#### Data block:
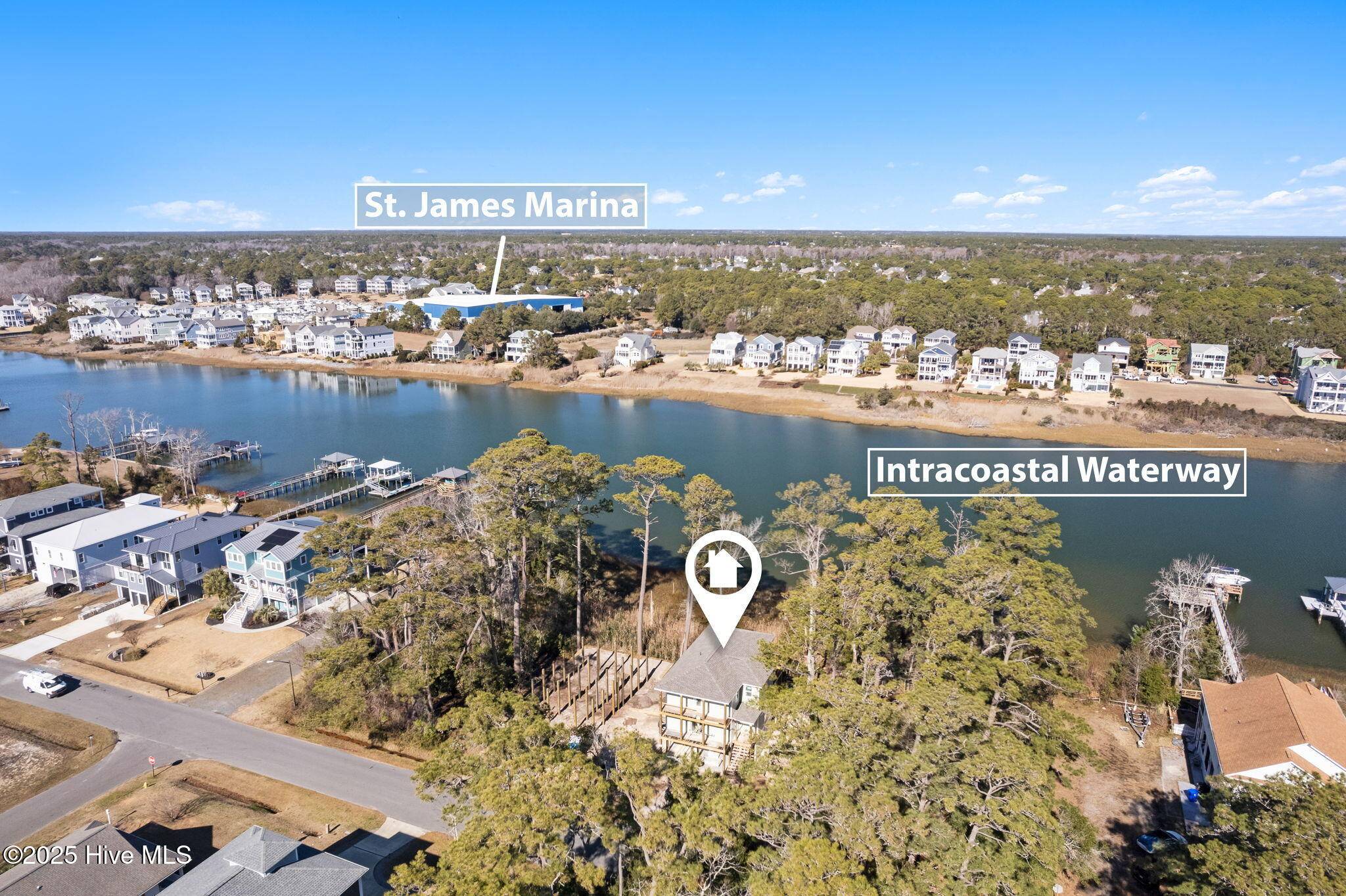 Oak Island, NC 28465,3706 E Yacht DR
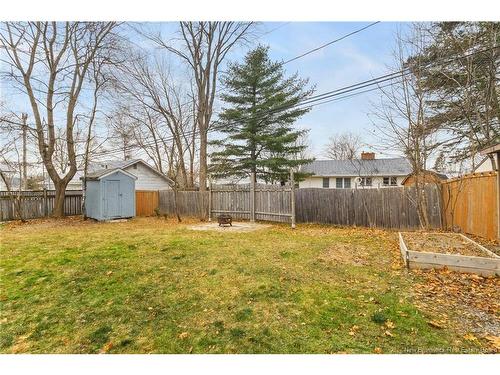 201 Willow Ave, Fredericton, NB 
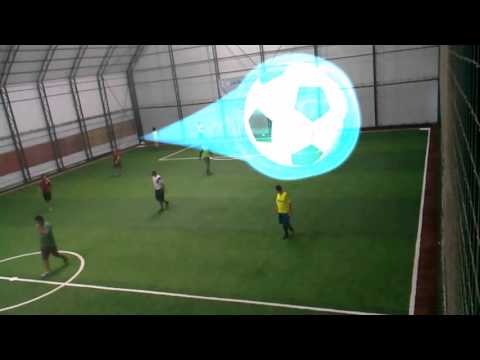 VIP Halı Saha 16.11.2015 00:00 - akillisaha.com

#### Problem to work on:
Write out all of the data above exactly, pictures excluded.

#### Answer below:
 Oak Island, NC 28465,3706 E Yacht DR
 201 Willow Ave, Fredericton, NB 
 VIP Halı Saha 16.11.2015 00:00 - akillisaha.com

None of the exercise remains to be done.